Wednesday, May 10, 2006

a few brief reflections on a version of libertarianism


Libertarianism, of the political sort (there's another sort of libertarianism associated with free will v determinism arguments that I'm not concerned with here) has a high profile on the net, promoted with much sound and fury at times, and it has quite a few strands, some of which I’m sympathetic to, others not. In fact I've recently begun subscribing to an e-magazine, Reason.com, which I've just discovered is of the libertarian persuasion. It's not particularly strident, though, or noticeably ideological.

I'm in a little amateur philosophy group, and I led the discussion the other day on libertarianism. I introduced it via a philosophical paper by Jonathon Wolff, which was a critique of Nozick's famous Anarchy, State and Utopia. Not having read more than a few pages of Nozick's book (and that was near twenty years ago) I can't be sure that Wolff has represented it correctly, but it seems that Nozick, in arguing for the minimal state, relied heavily on rights - in particular, the negative right of an individual not to be interfered with or coerced.

Unfortunately Nozick provides little if any grounding for these claimed rights. Why do we have a right not to be interfered with or coerced? Where do such rights spring from? Rights are an invention, and quite a useful one in my view, but I also feel they need to be employed in a limited and careful way. To assert a particular right and then to use it as the basis for a political philosophy that, if followed, would turn our political situation into something radically different from what we currently experience, really does beg a particular question.

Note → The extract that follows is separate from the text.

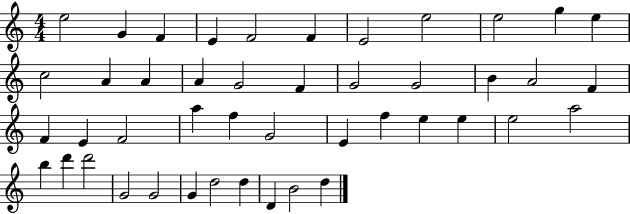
E5/h G4/q F4/q E4/q F4/h F4/q E4/h E5/h E5/h G5/q E5/q C5/h A4/q A4/q A4/q G4/h F4/q G4/h G4/h B4/q A4/h F4/q F4/q E4/q F4/h A5/q F5/q G4/h E4/q F5/q E5/q E5/q E5/h A5/h B5/q D6/q D6/h G4/h G4/h G4/q D5/h D5/q D4/q B4/h D5/q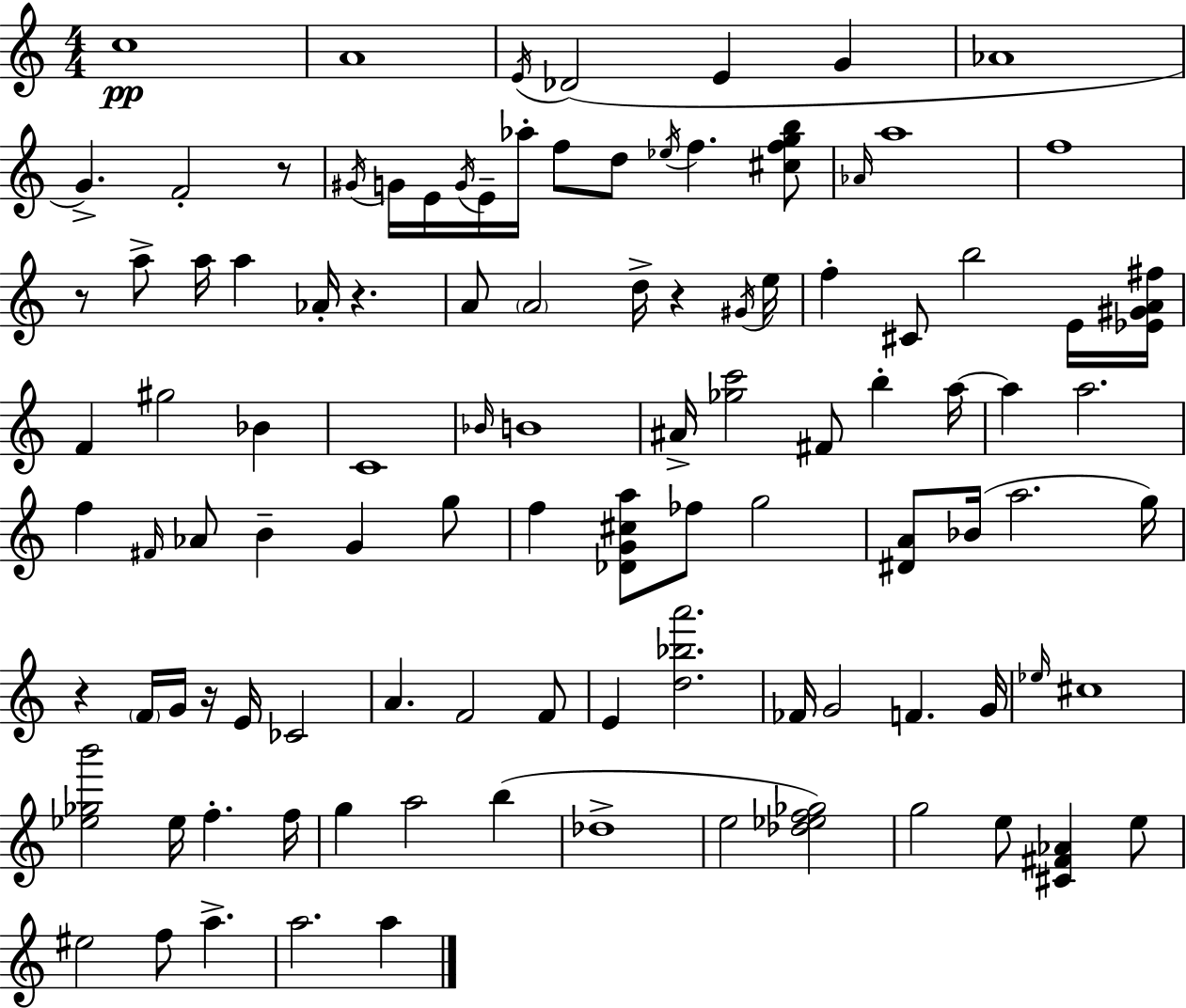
C5/w A4/w E4/s Db4/h E4/q G4/q Ab4/w G4/q. F4/h R/e G#4/s G4/s E4/s G4/s E4/s Ab5/s F5/e D5/e Eb5/s F5/q. [C#5,F5,G5,B5]/e Ab4/s A5/w F5/w R/e A5/e A5/s A5/q Ab4/s R/q. A4/e A4/h D5/s R/q G#4/s E5/s F5/q C#4/e B5/h E4/s [Eb4,G#4,A4,F#5]/s F4/q G#5/h Bb4/q C4/w Bb4/s B4/w A#4/s [Gb5,C6]/h F#4/e B5/q A5/s A5/q A5/h. F5/q F#4/s Ab4/e B4/q G4/q G5/e F5/q [Db4,G4,C#5,A5]/e FES5/e G5/h [D#4,A4]/e Bb4/s A5/h. G5/s R/q F4/s G4/s R/s E4/s CES4/h A4/q. F4/h F4/e E4/q [D5,Bb5,A6]/h. FES4/s G4/h F4/q. G4/s Eb5/s C#5/w [Eb5,Gb5,B6]/h Eb5/s F5/q. F5/s G5/q A5/h B5/q Db5/w E5/h [Db5,Eb5,F5,Gb5]/h G5/h E5/e [C#4,F#4,Ab4]/q E5/e EIS5/h F5/e A5/q. A5/h. A5/q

Another problem for Nozick's libertarianism, one barely mentioned by Wolff, is his treatment of the individual as the 'unit of liberty'. It's a political philosophy that valorises both liberty and the individual, as if to put both beyond criticism. At least on Wolff's account it's a highly rational argument that flows from the primacy of these two elements. Wolff also points out that Nozick is more a hyper-liberal than the free-market capitalist that so many libertarians turn out to be. This is where the utopian emerges, for Nozick imagines that his libertarianism minimal state doesn't necessarily entail capitalism, though it's of course compatible with it. In fact he envisages the formation of sub-states of freely associating like-minded people, elective affines if you will, pursuing their own interests without having to subsidise other groups. But this, Wolff argues, is economically naive. After all, Nozick's libertarianism is based on ownership, even self-ownership, which is the something that cannot or should not be interfered with. The individual must be free to give of oneself and also to accumulate for oneself, presumably by virtue of what is already owned. Ownership, free possession of goods, whether material or immaterial, is at the centre of this political philosophy, so capitalism seems pretty well unavoidable, and with the libertarian free flow of individuals between these like-minded sub-groups, you'll generally get the most successful and ambitious wanting to leave the most restrictive and financially unambitious (or unsuccessful, depending on how you look at them) groups. The gap between rich and poor groups would grow wider (many groups would become unviable and would dissolve) and you would be left, according to Wolff, with something like nineteenth century capitalism, with poorer groupings and individuals being forced to rely on the haphazard benevolence of the rich, in the absence of a welfare state or any kind of redistributive taxation system. A road to hell, or at least pointing that way, paved with Nozick's good intentions.

On the face of it, a devastating critique, but I'm sure libertarians can come up with better than this. In any case, I'm more interested, really, in where the balance should be struck between individual freedom and social protection as provided by the state. Looking at welfare, for example, I recognise the problem of welfare dependence - for corporations as well as for individuals - and the problems of systemic disadvantage and systemic exploitation that a non-welfare-based system and a non-redistributive system would encourage. There seems no alternative but to steer a course that provides both encouragement and protection, a course that requires constant shifting of the wheel to avoid the pitfalls on either side.